After Leborcham arranges a meeting between the two, Noíse remarks, ‘Fair is the heifer that goes past me.’ Deirdre responds, ‘Heifers are wont to be big where there is no bull.’ To which Noise replies, ‘You have the bull of the province, the king of Ulster.’ And then Deirdre admits, ‘I will choose between the two of you, and I will choose a young bull like you.’ Shortly thereafter Deirdre and Noise elope, fleeing first across Ireland with Conchobar in pursuit and later to Scotland. Noise’s brothers Ardan and Ainnle go with them, thus the title of the best known version in Irish, Longas (or Longes) mac nUislenn [The Exile of the Sons of Uisnech]. It is a remscél or prologue of the Táin Βó Cuailnge and is usually found with the epic. When a host king in Scotland begins to lust after Deirdre, the party flees. Soon news of pardon from Conchobar reaches them. Wanting the young people back in the Ulster capital of Emain Macha, he sends the hero Fergus mac Róich with pledges of good faith to the fugitives. The brothers are willing to accept the invitation to return, but Deirdre perceives the falsity in the offer and fears Conchobar’s treachery. Deirdre sings the verses of ‘Farewell to Alba’ [Scotland], before joining the others in the boat.

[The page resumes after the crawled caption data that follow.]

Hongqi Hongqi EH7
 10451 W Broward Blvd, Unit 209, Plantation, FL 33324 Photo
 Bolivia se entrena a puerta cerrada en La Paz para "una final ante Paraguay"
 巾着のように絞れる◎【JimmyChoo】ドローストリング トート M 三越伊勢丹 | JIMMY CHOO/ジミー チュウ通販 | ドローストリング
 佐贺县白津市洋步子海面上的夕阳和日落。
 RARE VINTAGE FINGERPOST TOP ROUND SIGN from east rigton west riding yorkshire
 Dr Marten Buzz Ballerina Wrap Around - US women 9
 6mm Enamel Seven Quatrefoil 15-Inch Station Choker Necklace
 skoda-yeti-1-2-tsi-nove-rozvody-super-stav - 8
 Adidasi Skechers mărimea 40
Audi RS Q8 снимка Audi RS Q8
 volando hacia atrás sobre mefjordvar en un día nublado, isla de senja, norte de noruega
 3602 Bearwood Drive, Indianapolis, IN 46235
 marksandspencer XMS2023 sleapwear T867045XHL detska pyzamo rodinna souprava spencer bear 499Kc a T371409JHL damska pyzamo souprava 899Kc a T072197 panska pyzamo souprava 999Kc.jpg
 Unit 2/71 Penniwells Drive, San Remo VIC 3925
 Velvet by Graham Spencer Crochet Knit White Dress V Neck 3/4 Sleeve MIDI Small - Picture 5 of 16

When they land in Ulster, Conchobar employs a ruse to separate Fergus from Deirdre and the brothers. The king’s men, led by Eógan mac Durthacht, then attack quickly, killing all but Deirdre. For the next year she lives subject to Conchobar, never smiling, frequently berating him for killing what was dear to her. No longer wishing to mate with her himself, Conchobar contrives to increase Deirdre’s humiliation by having her marry the hated Eógan, Noíse’s murderer, and possibly also a member of a lower social order. To exacerbate her predicament, Conchobar makes Deirdre the butt of a crude sexual joke. Deirdre then commits suicide. In the earlier of the medieval texts she does this by throwing herself against a stone and smashing her head into fragments. This occurs outside her residence but before she reaches the assembly of Emain Macha, where her treatment by Conchobar and Eógan would have invited more shame and ridicule. Like a male hero, she chooses death before dishonour. The later medieval version, Oided Mac nUisnig [Death of the Sons of Uisnech], provides details preferred in modern retellings of the story. Here she falls from the chariot into the sea, dashing her head upon a rock, her blood leaving a red streak on the foam. The last Irish language version, perhaps influenced by Christianity to be uneasy about suicide, has her falling upon her lover’s grave, overcome by grief.*
In the Fenian parallel story of Gráinne, retold in Chapter 11, the young beauty runs off with the handsome Diarmait, who is killed in a boar hunt. At the end of that tale, Gráinne is reunited with old Fionn mac Cumhaill, to whom she had been betrothed at the beginning of the action.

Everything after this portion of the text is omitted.